■ TRY IT: Your answer must be an exact copy of the listing that follows, with all pictures omitted.

■ PROVIDED DATA:
►
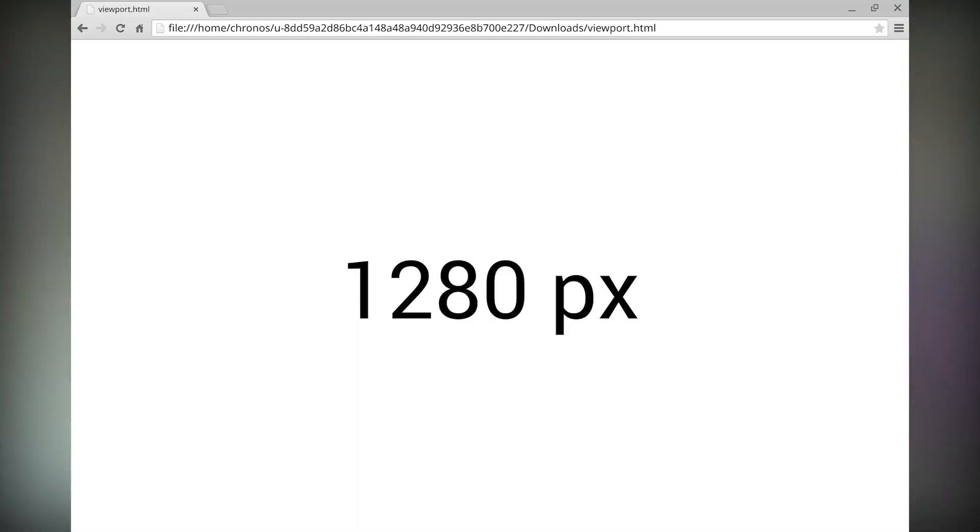Well, that seems simple enough. But not all displays have the same pixel density. What about something like your Chromebook pixel display? The Chromebook pixel display tells me that it's got a width of 2,560 pixels by 1,700 pixels. But when I make the browser window the full width and ask for the viewport width, it tells me it's only 1,280 pixels wide.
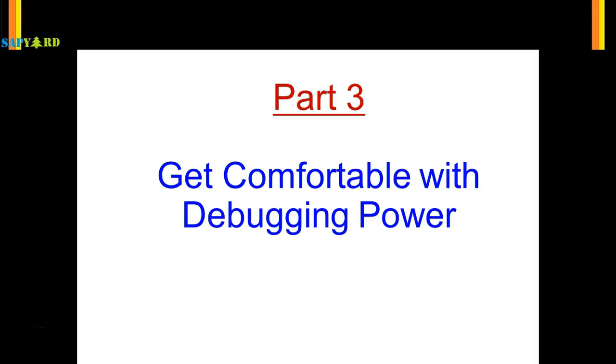Welcome to part 3. In part 1 we identified some of the codes which even the functional teams need to understand. In part 2 we got comfortable with the debugging screen and now in part 3 we will see the actual power of the debugging tool.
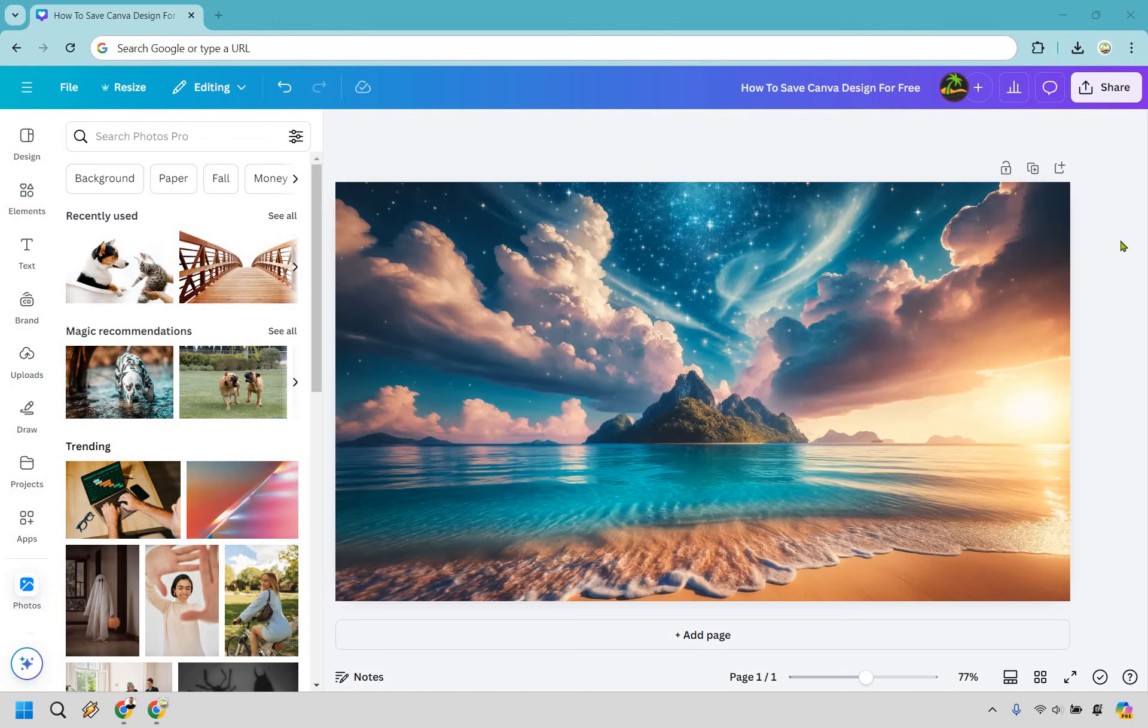Here's how to save a Canva design for free. It's so easy to do and if you'd like to follow along you can use my Canva link in the description to either try it out for free or use it for easier login access.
◄
■ ANSWER FOR THE TASK:
Well, that seems simple enough. But not all displays have the same pixel density. What about something like your Chromebook pixel display? The Chromebook pixel display tells me that it's got a width of 2,560 pixels by 1,700 pixels. But when I make the browser window the full width and ask for the viewport width, it tells me it's only 1,280 pixels wide.
Welcome to part 3. In part 1 we identified some of the codes which even the functional teams need to understand. In part 2 we got comfortable with the debugging screen and now in part 3 we will see the actual power of the debugging tool.
Here's how to save a Canva design for free. It's so easy to do and if you'd like to follow along you can use my Canva link in the description to either try it out for free or use it for easier login access.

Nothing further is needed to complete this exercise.